> _DATA BELOW_:
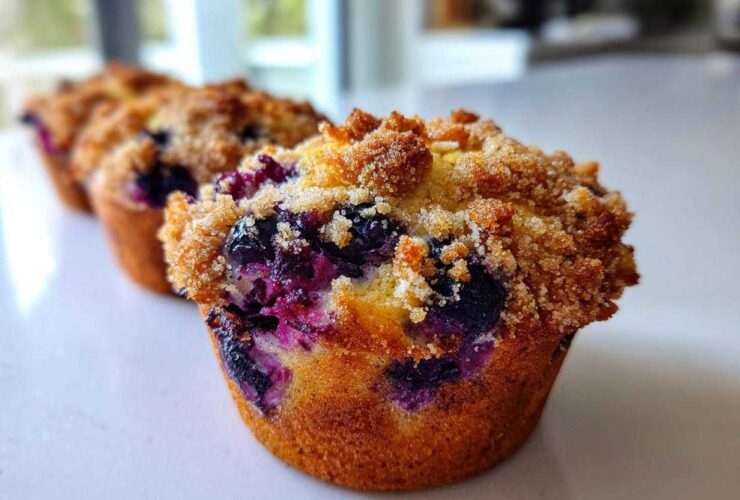 A close-up, low-angle shot of a golden-brown blueberry muffin topped with crunchy streusel, showcasing burst blueberries.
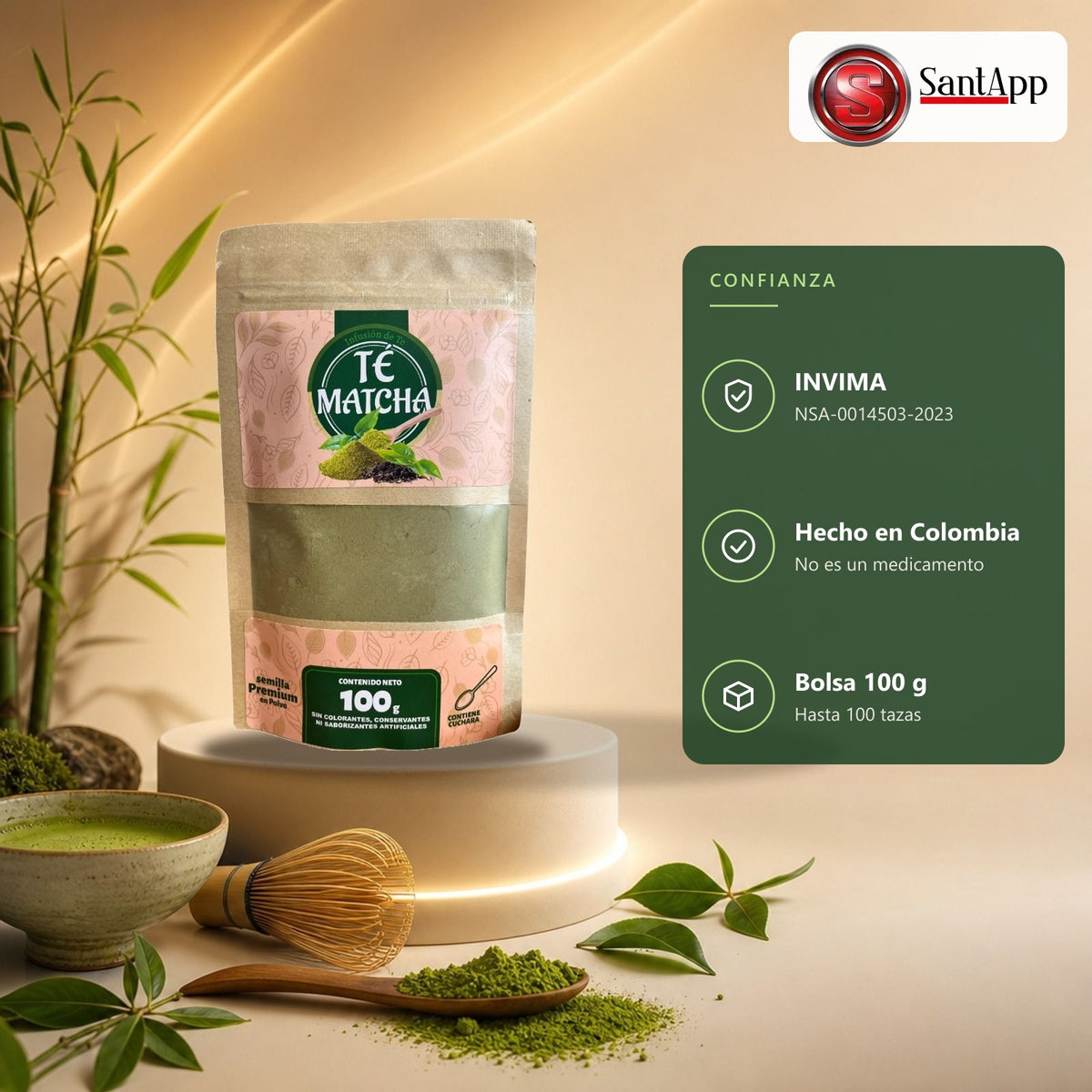 Té Matcha con notificación sanitaria INVIMA NSA-0014503-2023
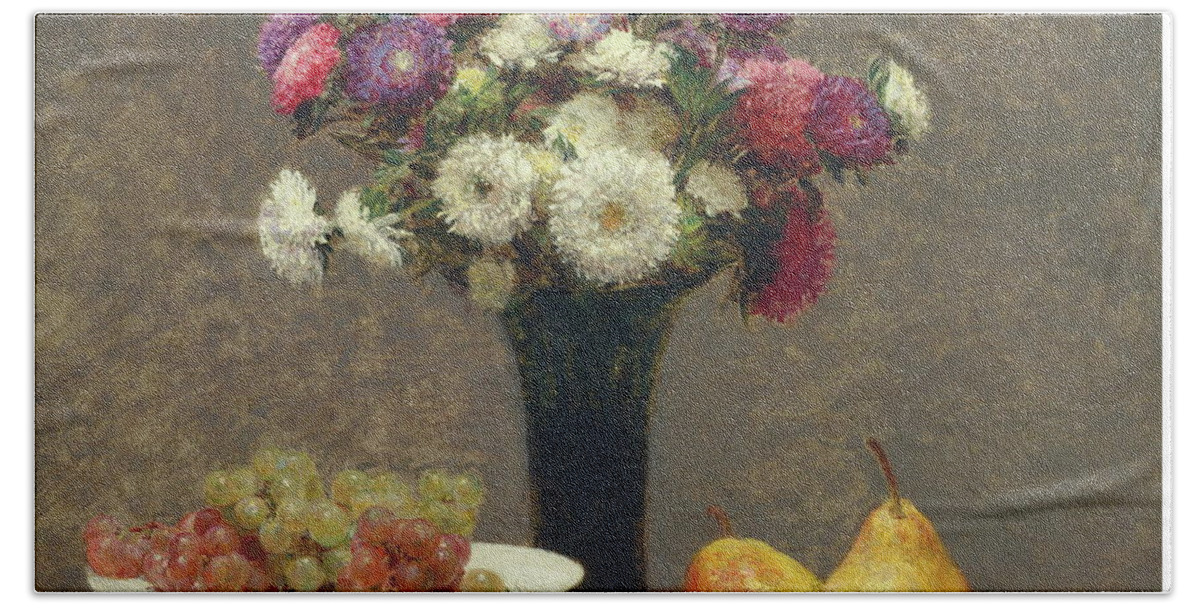 Asters And Fruit On A Table Hand Towel featuring the painting Asters and Fruit on a Table by Henri Fantin-Latour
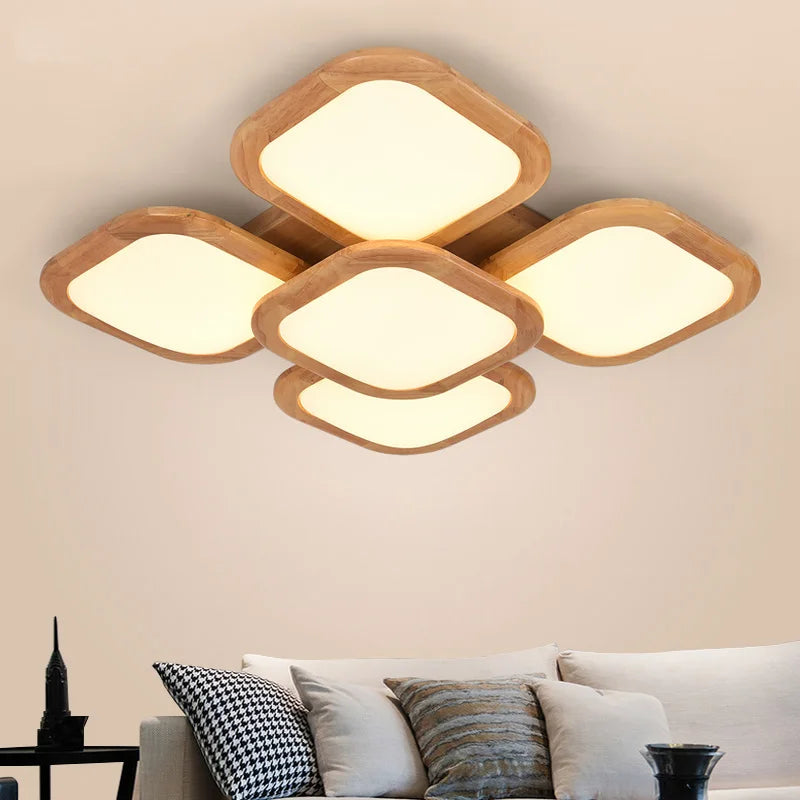 Nordic log square living room ceiling lights modern oak creative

> _ABOUT THIS TASK_: Your answer must be an exact copy of the data above, minus its pictures.

> _OUTPUT OF THE TASK_:
 A close-up, low-angle shot of a golden-brown blueberry muffin topped with crunchy streusel, showcasing burst blueberries.
 Té Matcha con notificación sanitaria INVIMA NSA-0014503-2023
 Asters And Fruit On A Table Hand Towel featuring the painting Asters and Fruit on a Table by Henri Fantin-Latour
 Nordic log square living room ceiling lights modern oak creative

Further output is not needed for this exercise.